### PROBLEM
In the records below, the relevant part opens with the line containing "أشجار ترقص وتحقق" and closes with the line containing "Cavapoo Welpe kaufen"; print that part exactly and only, without its pictures.

### ENTRIES PROVIDED
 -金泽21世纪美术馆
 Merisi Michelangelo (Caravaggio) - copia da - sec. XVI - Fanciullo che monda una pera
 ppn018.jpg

...

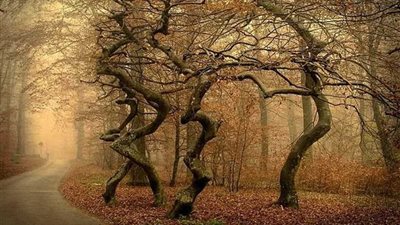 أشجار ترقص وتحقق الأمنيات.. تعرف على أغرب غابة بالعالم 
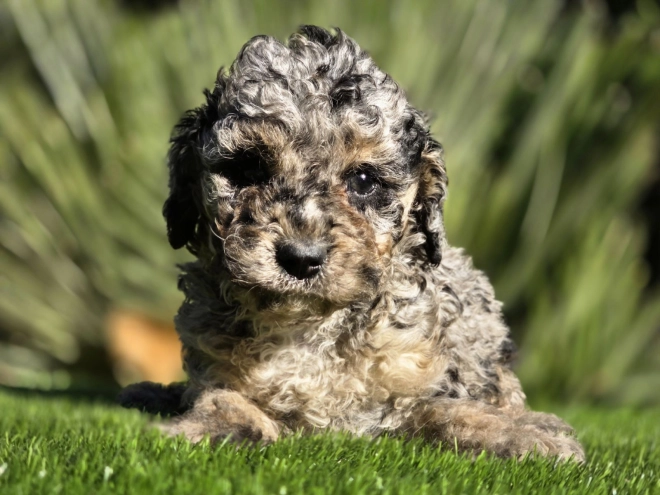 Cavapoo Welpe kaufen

### TASK OUTPUT
 أشجار ترقص وتحقق الأمنيات.. تعرف على أغرب غابة بالعالم 
 Cavapoo Welpe kaufen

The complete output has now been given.